ESSやシーラス・ロジックなどのD/Aチップを購入すると、「推奨オーディオ回路」なる回路図面が添付されてくるので、チップのノウハウが無いメーカーの場合は、このような「推奨回路」を丸々コピーしたりします。そういった事情から「ESSの音」や「シーラスの音」などといったレッテルが生まれるのだと思います。

逆に、D/Aチップを上手に料理して、商品として独自の個性を持たせる事ができれば、上記のような一般的オーディオメーカーよりも一歩先に進んだ存在になれます。

Fiio X7は、そのような一歩先に進んだサウンドのように感じました。今回試聴には、最近多用しているベイヤーダイナミックAK T8iEと、AKG K3003を使いました。アンプの音量はどちらのイヤホンも問題なく、クラシック試聴でも大体70%くらいのボリュームで十分でした。

まず、音の傾向は、明らかにX5 2ndとは異なりました。X5はどちらかというとシャープで切れ味のある、高解像、ハイスピード、艷やかでメリハリのあるサウンド、といった印象でした。一方X7は、空間の密度が高く、繊細ながらも、どっしりとした存在感があります。

どっしりといっても、低音が強調されているわけではなく、楽器の付帯音がふらふらせず、しっかりとした存在感があるといった感じです。空間はあまりサラウンド的に四方八方に広がるのではなく、音像がセンター前方に寄る感じです。解像感は価格相応に高く、残響の見通しが良いので、楽器の主体音とホールの反響要素が、見事にリアルになっている感じがして、とくにオペラなどのライブ歌唱ステージが上手に再現できていると思いました。

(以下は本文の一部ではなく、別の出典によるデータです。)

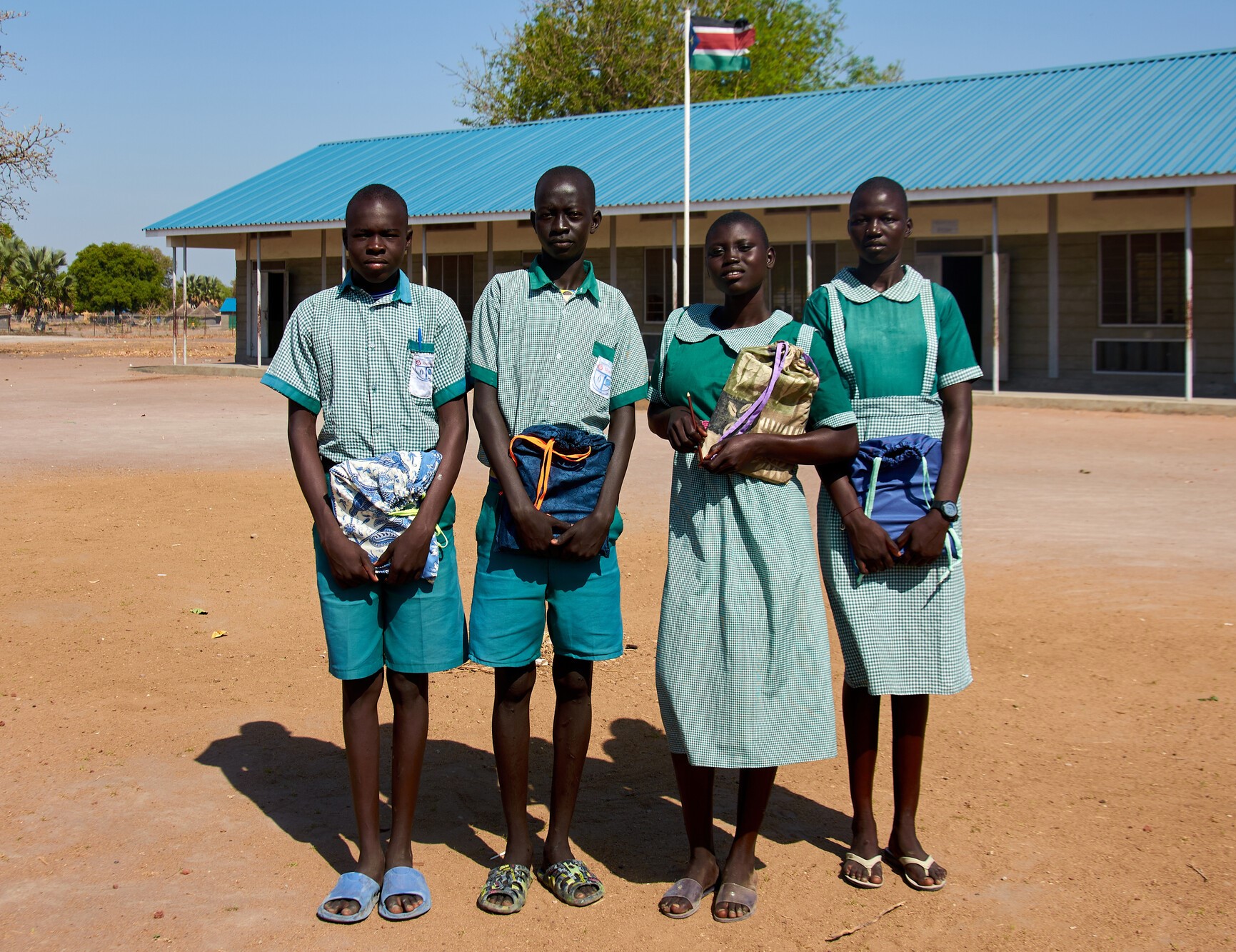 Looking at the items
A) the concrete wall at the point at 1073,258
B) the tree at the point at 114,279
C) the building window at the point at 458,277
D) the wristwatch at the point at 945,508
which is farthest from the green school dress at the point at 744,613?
the tree at the point at 114,279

X7と、それ以外のDAPの多きな違いは、音像そのものの繊細さだと思いました。たとえば歌手やヴァイオリン、ギターなど、アタックがキツくなりがちなサウンドも、X7では硬質にならず、常に細身です。しかし、それでもX7が「か細く」ならないのは、一音一音の音色に付帯する空気感が濃厚で、それを合体させたサウンドがふらふらせず「どっしりと」聴こえるのです。

たとえば、ソニーでいうと、PHA-3よりはNW-ZX2に近い部分があります。でもX7はNW-ZX2よりも音像の締りがあるので、出音と残響音がバラバラにならず一音一音のメリハリとして維持されています。ZX2は残響が必要以上に広がりすぎるように思えます。

一方、PHA-3のようなアンプは、ドーンと出音そのものが力強く押し出されるような感じなので、X7とは根本的に異なります。X7は「出音は繊細に、空間はしっかりと」、という感じのアプローチです。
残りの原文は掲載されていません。